» **DATA EXTRACT**:

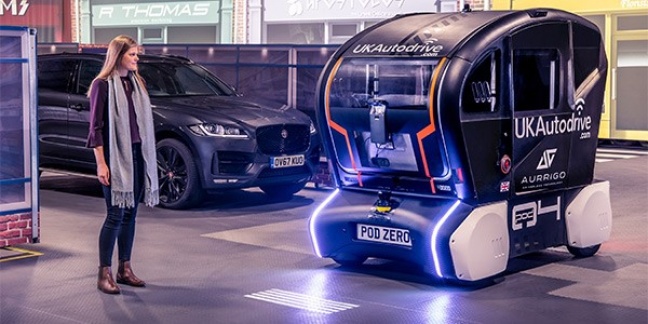 JAGUAR LAND ROVER wijst toekomstige autonome auto's de weg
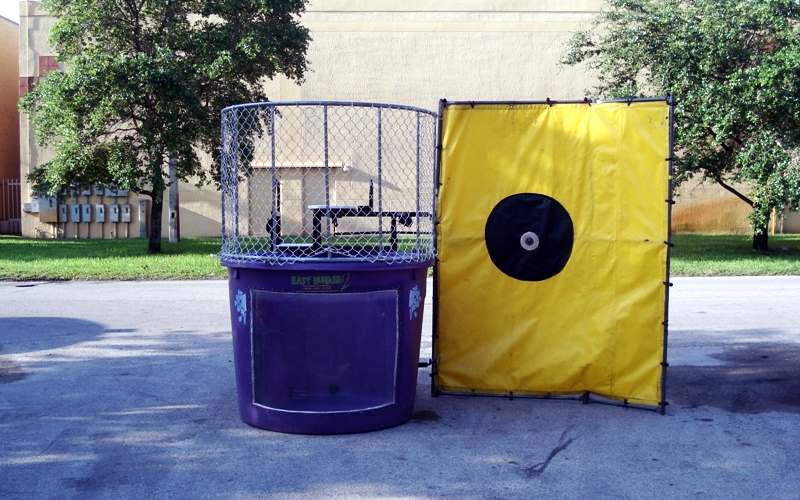 Hire our dunk tank for your next event at your school, sporting club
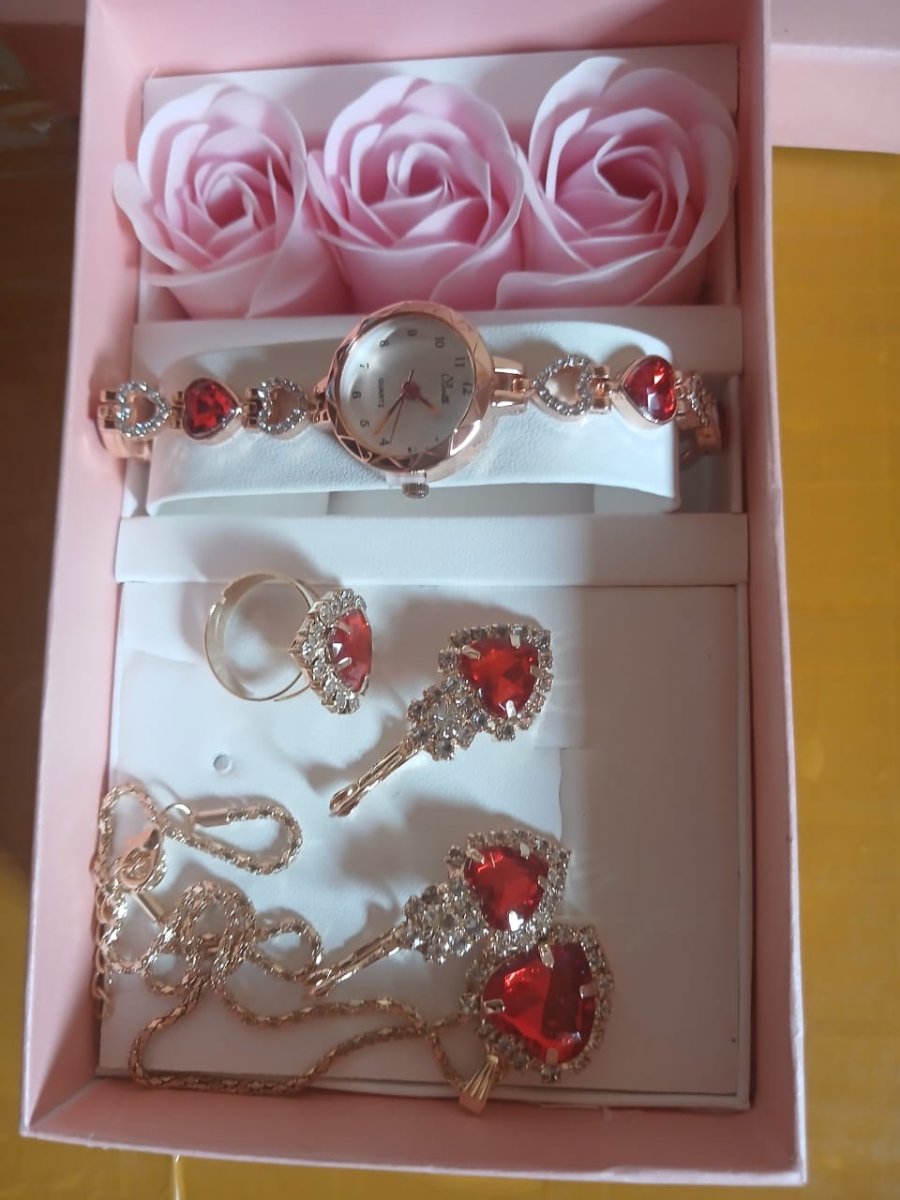 Montre brilliant pour les femmes et très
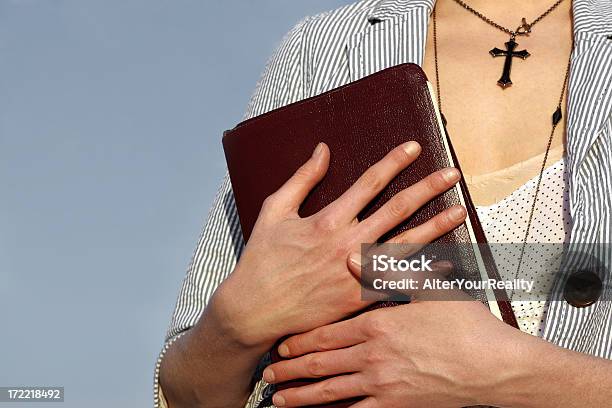 Segurando A Bíblia - Fotografias de stock e mais imagens de Colar - Colar, Cruz religiosa, Adulto
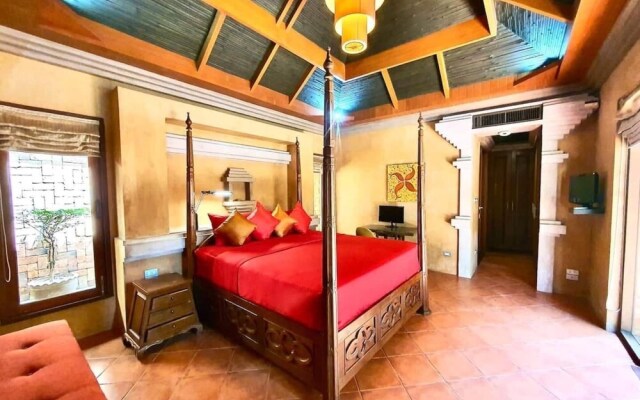 Balinese Pool Villa in Rawai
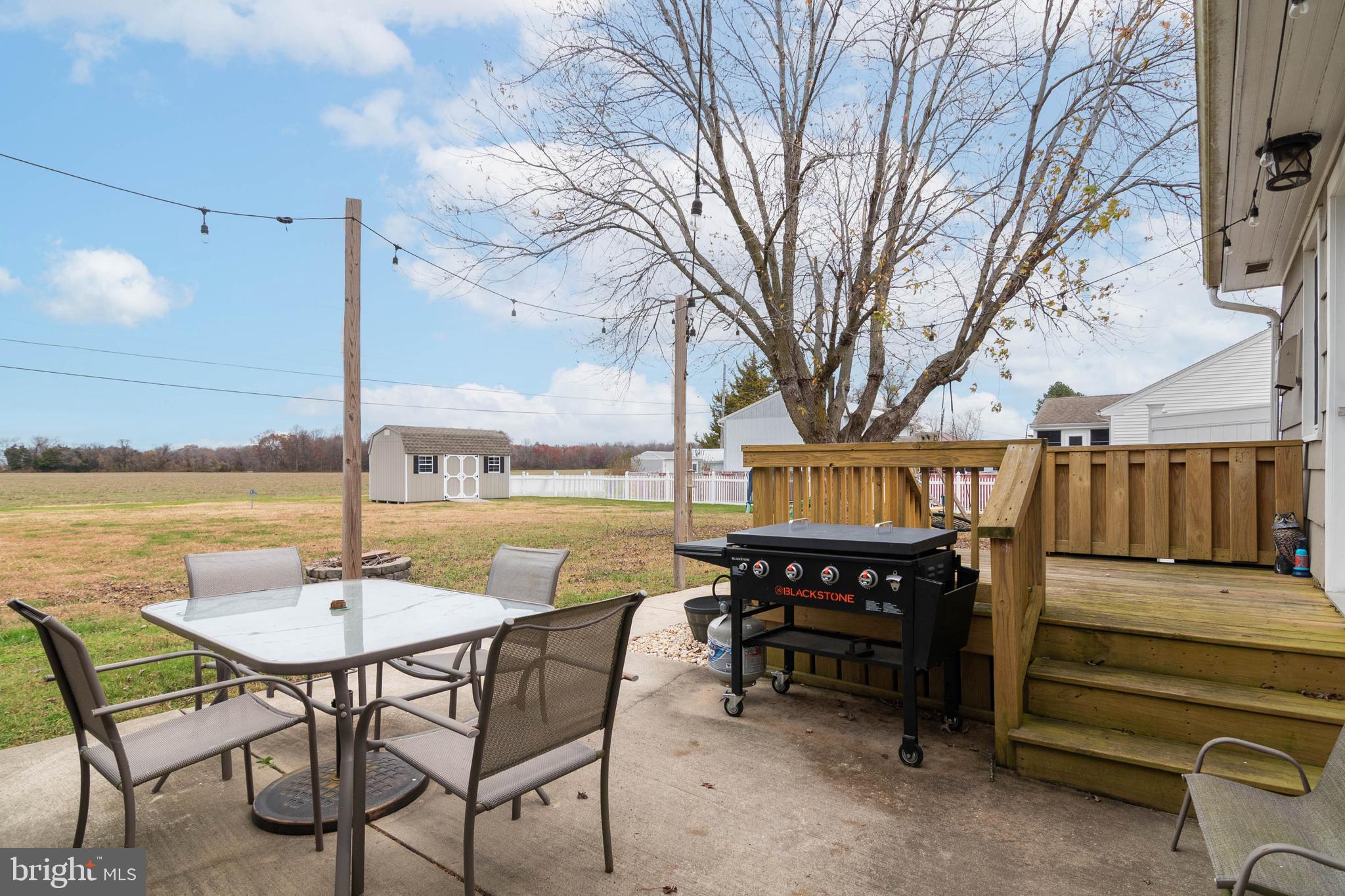 CHURCH HILL VIL - Residential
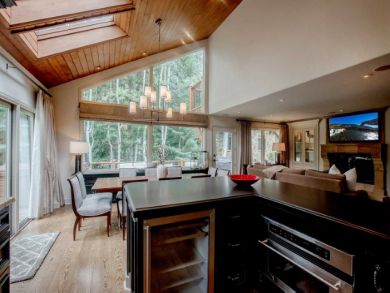 Vail Vacation Home Sleeps Ten Guests. Vail Vacation Home Sleeps Ten Guests.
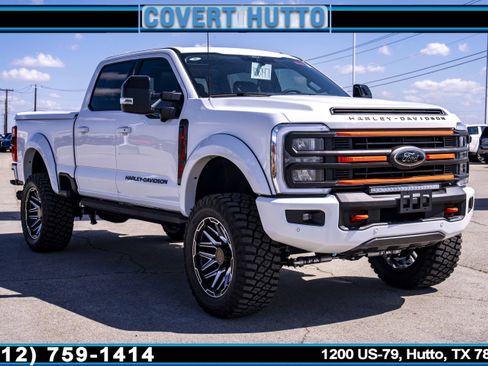New 2026 Ford F250 Lariat w/ Black Appearance Package image 4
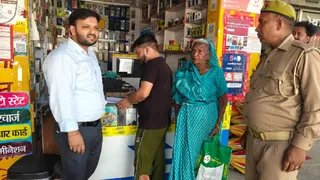 अम्मा की शिकायत दूर कराने को साथ गए एसडीएम।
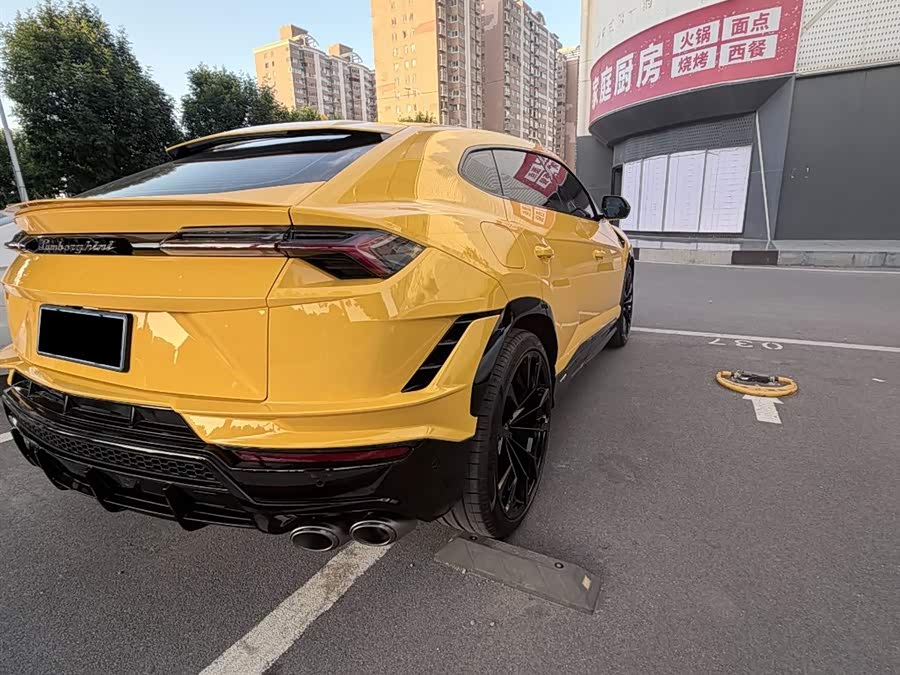 Lamborghini Urus 2023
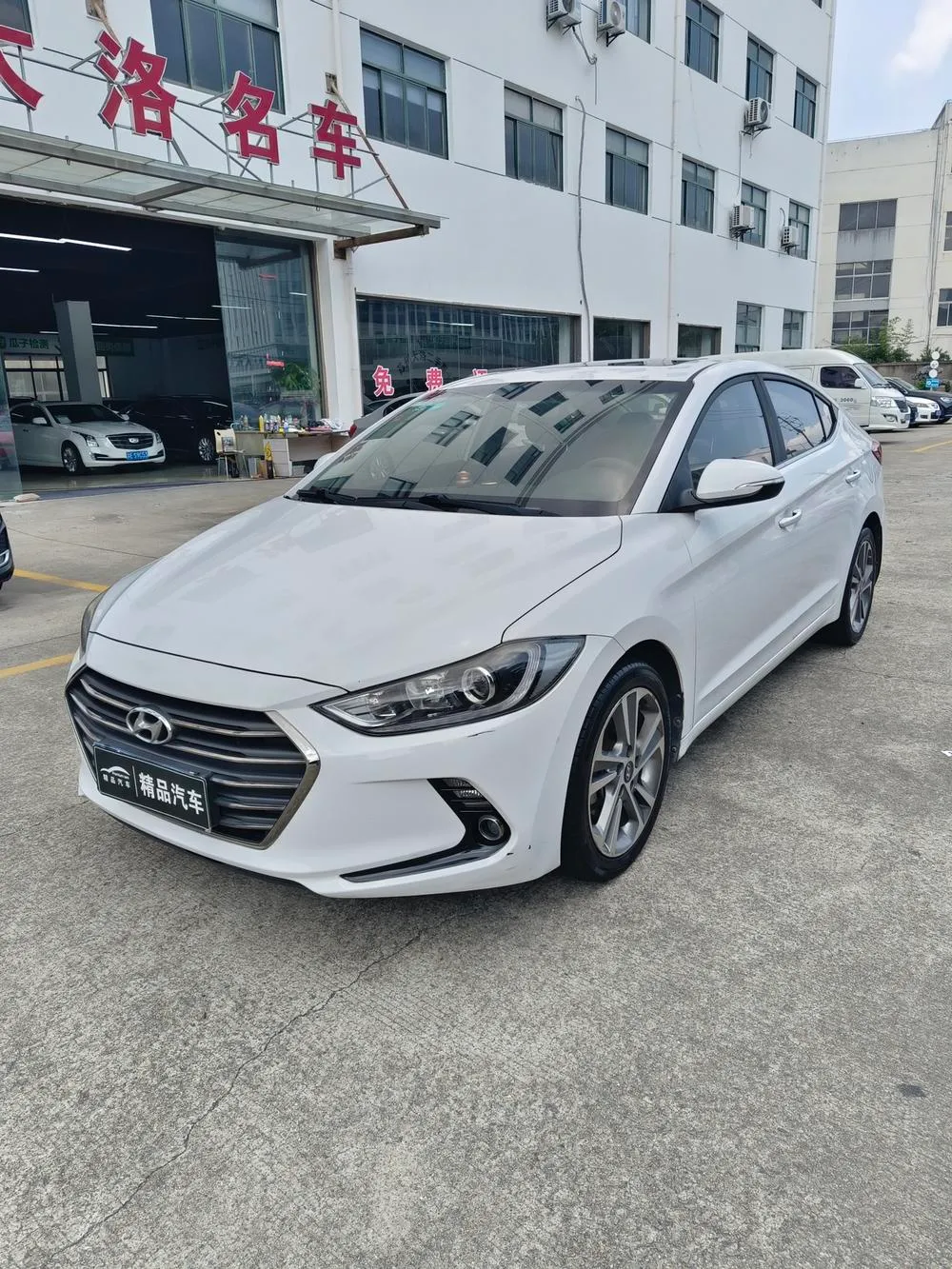 Hyundai Elantra Lingdong, 2016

» **EXERCISE DIRECTIONS**:
Where the line with "Montre brilliant pour les femmes et très" appears, begin there and transcribe exactly through the last line of the data, leaving all pictures aside.

» **ANSWER SECTION**:
 Montre brilliant pour les femmes et très
 Segurando A Bíblia - Fotografias de stock e mais imagens de Colar - Colar, Cruz religiosa, Adulto
 Balinese Pool Villa in Rawai
 CHURCH HILL VIL - Residential
 Vail Vacation Home Sleeps Ten Guests. Vail Vacation Home Sleeps Ten Guests.
New 2026 Ford F250 Lariat w/ Black Appearance Package image 4
 अम्मा की शिकायत दूर कराने को साथ गए एसडीएम।
 Lamborghini Urus 2023
 Hyundai Elantra Lingdong, 2016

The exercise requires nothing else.